Meyeraan puts on a bullriding school once a year for kids who would like to try the sport. He said it surprises him lately which kids want to try. Instead of the farm kids, he’s seeing skateboard-riding town kids looking for the opportunity to sit on a bull.

“And a lot of them are really good,” he admitted.

Sitting on a ton of bucking bull can be a daunting prospect, but Meyeraan said it is when the riders start worrying about getting injured that they get hurt. He’s a firm believer in safety equipment such as shock absorbing vests and helmets.

“Something riders have to learn to accept — it’s not if they get hurt, it’s when and how bad,” he said.

His hope for the future is to see some of his own bulls “make it to the big time.”

“I hope to get some into the PBR (Professional Bull Riders, Inc.),” he stated. “That can be tough for us little guys.”

At a rodeo, the crowd doesn’t really know that, along with the riders, the stock contractors are also competing. Bulls are entered into a competition, Meyeraan said, and are watched by four judges. Each judge gives the bull a score of 1 to 25 points based on their kick, speed and spin. The average bull, according to Meyeraan, scores around 19 to 20, but the ones that score 22 to 24 are the ones that can bring in the dollars.

“This business is starting to get huge,” he stated. “Straws of semen from proven bulls can bring in up to $30,000, and now you can buy embryos also.”

At one point, Meyeraan had cows to breed, but now buys his stock as yearlings. Online auctions such as www.buyabucker.com are popular, and provide links so prospective buyers can see the bull in action. The site lists the bull’s bloodlines, with names such as Hells Bells, Outlaw and Gunslinger.

Some of Meyeraan’s bulls start out with one name and end up with another. A prime example is Grandpa, who was named Red Man. As he aged, he got a new moniker.

“I had one that the cowboys hated to ride,” Meyeraan said with a laugh. “Because they draw their bulls each time, he got to be known as Bad Draw.”
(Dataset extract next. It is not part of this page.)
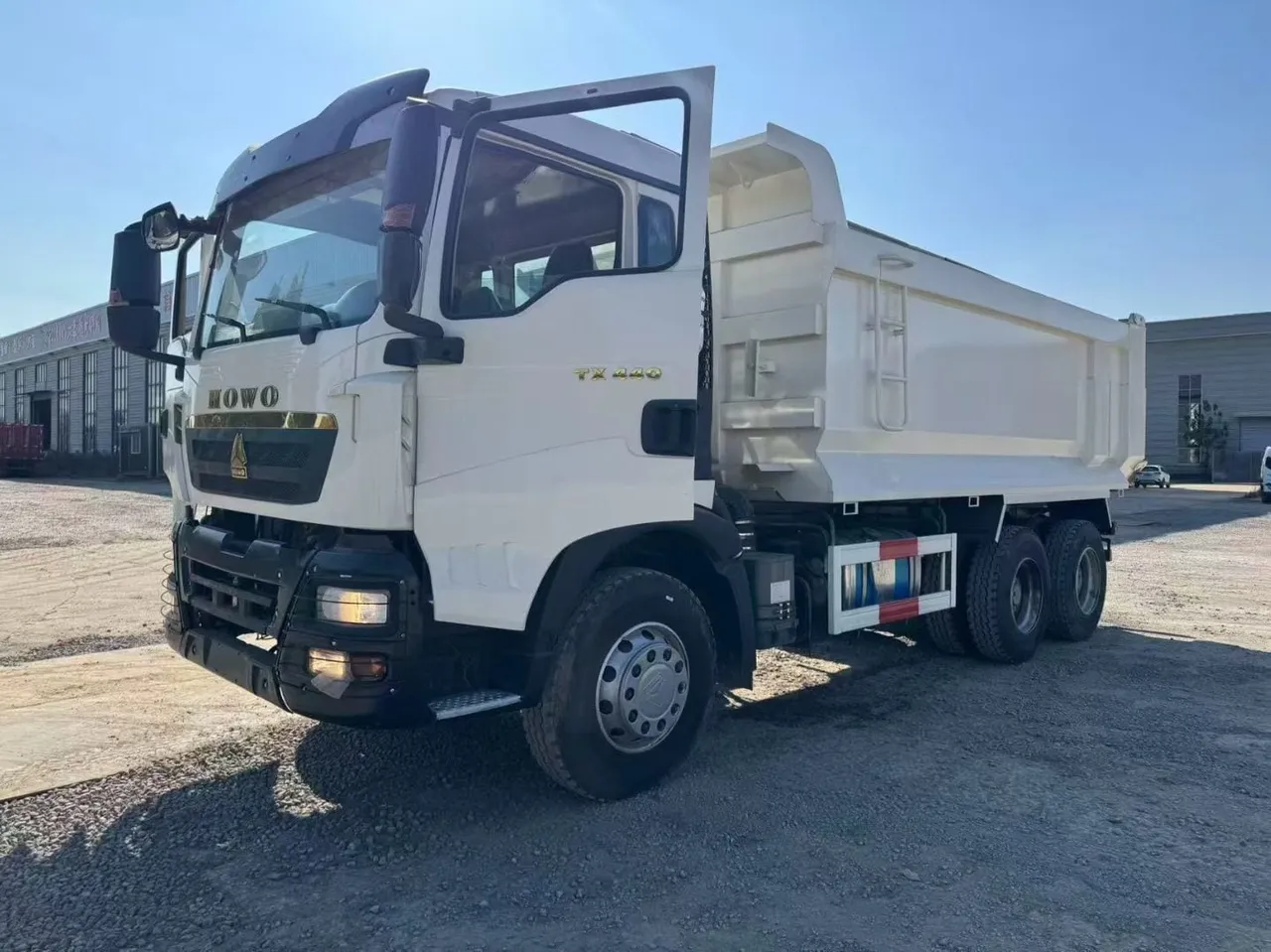 Used HOWO 6x4 u-shaped dump truck with round-bottom U-body tipper, ready for export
He also has a bull called Mind Freak, and a bull that escaped from the pasture and was later recaptured is known as Convict.

Even though they do some indoor rodeos, which makes winter events possible, most of Meyeraan’s bulls are riding out the cold months in the pasture, where they bulk up a bit. Come warmer weather, the exercise will start and the riders will start hanging around looking for a practice ride. The bulls will be put to the test, and those that don’t make the cut will be sold. But for now, Meyeraan’s goal is to keep them “full of groceries” and hanging out in the pasture, braving the frigid temperatures.

Except Grandpa, who is snug in his pen, having earned the right to hang out and watch the world go by.